FINRA did not provide details of the alleged wrongdoing beyond noting that it had to do with the possible diversion of funds from a J.P. Morgan-affiliated bank.

Hood did not return voice messages left at Northern Trust, where she works as an analyst, according to her LinkedIn profile. Hood serves as "a reporting contact for the client to provide resolution of complex transactions" and "provides assistance to account managers with queries received from clients regarding specific reporting issues," she writes in her profile.

Northern Trust Corp. is not listed as a FINRA member firm. The bar imposed by the regulator prevents her from working for FINRA member firms in any capacity, according to the settlement agreement.

Hood worked for J.P. Morgan Chase Bank from June 2013 to October 2014, when she joined J.P. Morgan Securities, BrokerCheck records show.

In her settlement with FINRA, Hood neither admitted nor denied the charges, but consented to an entry of FINRA's findings.

Michael Fusco, a spokesman for Chase Wealth Management, declined to comment on the matter.

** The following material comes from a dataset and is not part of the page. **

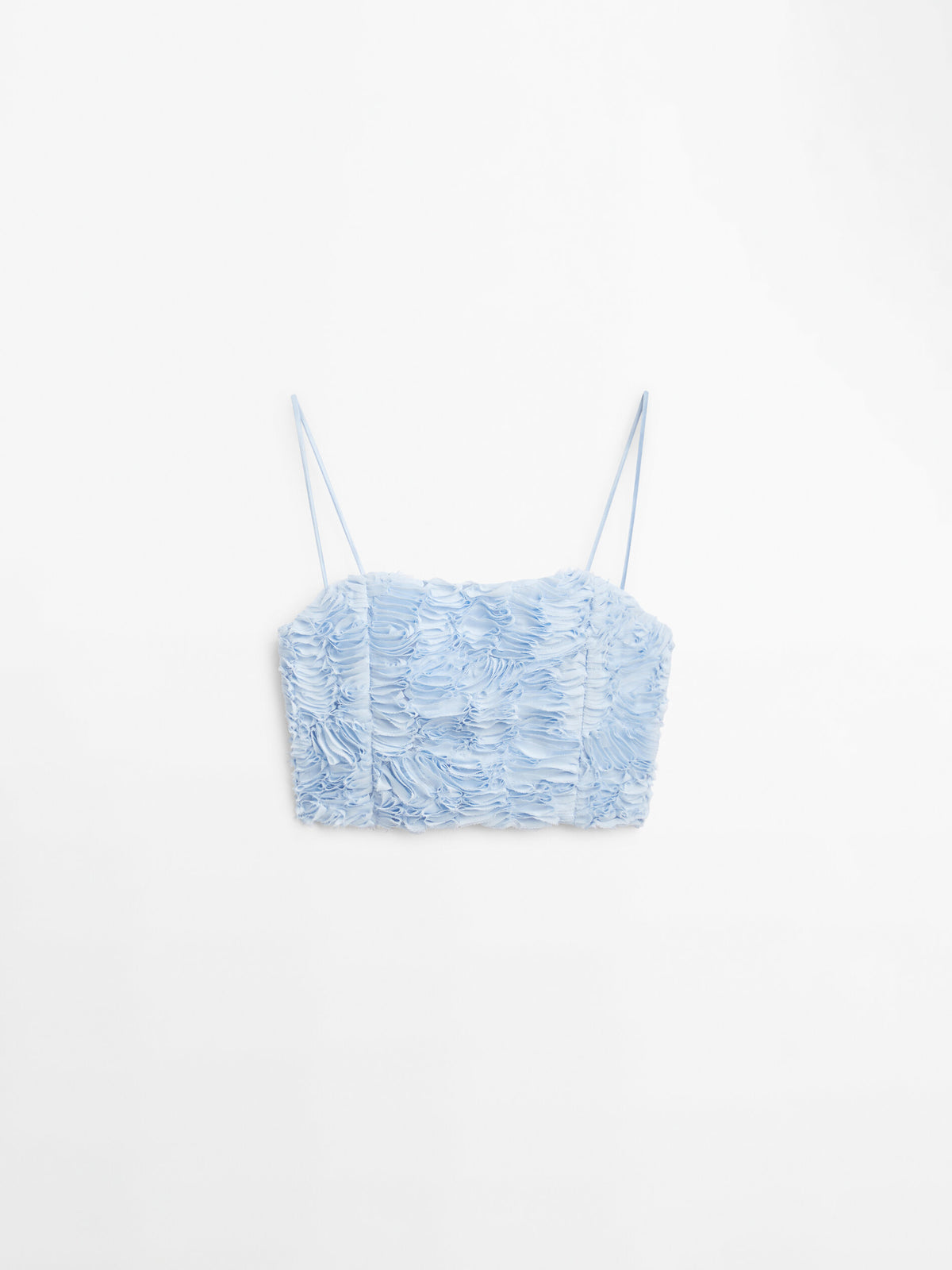 Top crop bucle tirantes -Studio - Azul Claro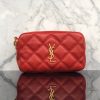 SAINT LAURENT Becky Double-Zip Pouch in Quilted Leather.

Hood joins at least two other bank advisers barred from the industry this year for refusing to cooperate with FINRA investigations. Mark Peter Koestner, a former adviser with Wells Fargo in Naples, Florida, was barred in April for turning down FINRA's request to appear for an on-the-record interview regarding allegations that he engaged in a private securities transaction or an outside business activity that was not approved. Kenneth Lynn Miller, a former broker with First Tennessee Bank accused of stealing money from retail bank customers, faced a similar fate. He was ousted in March for refusing to provide the regulator with the documents and information it requested.